> [Task statement] Pull out of the data below the stretch of lines bounded by the one containing "首開國風華府興昂路上的路牌局項目30米" and the one containing "Колело, измервателно, метрично, 10km, GWM", both bounds included, unchanged.

> [Source data]
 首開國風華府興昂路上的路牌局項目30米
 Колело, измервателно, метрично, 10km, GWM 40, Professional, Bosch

...

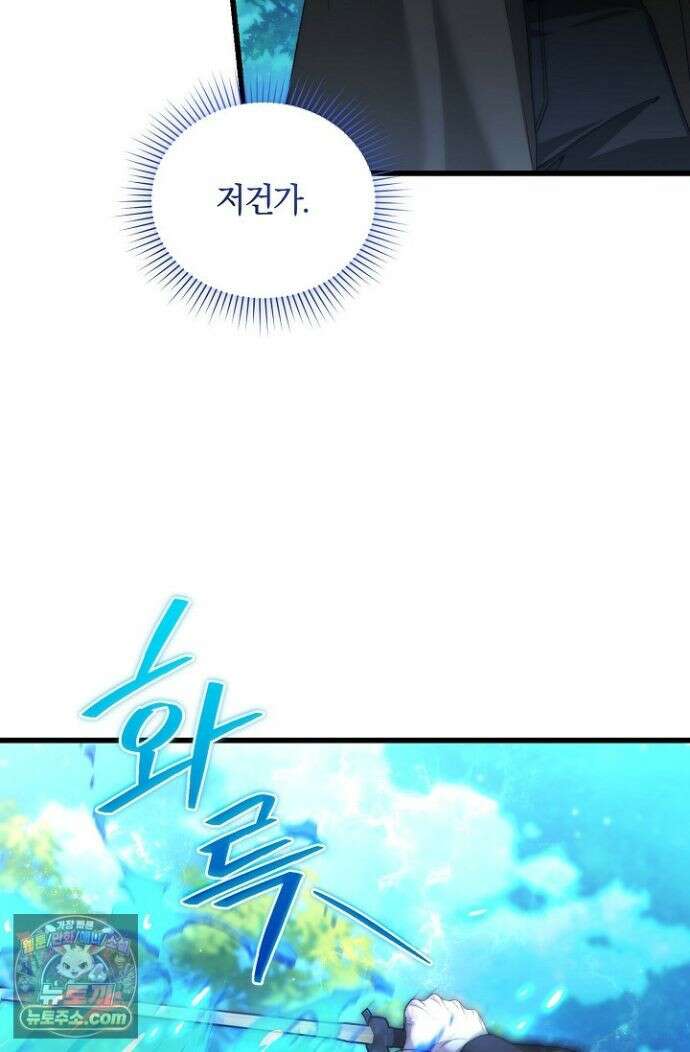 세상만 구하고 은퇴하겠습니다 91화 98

==

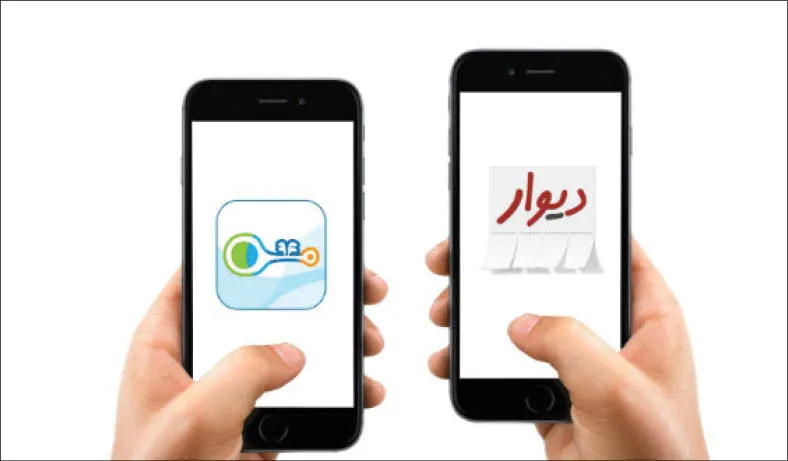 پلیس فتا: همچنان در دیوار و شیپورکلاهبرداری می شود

> [Task output]
 首開國風華府興昂路上的路牌局項目30米
 Колело, измервателно, метрично, 10km, GWM 40, Professional, Bosch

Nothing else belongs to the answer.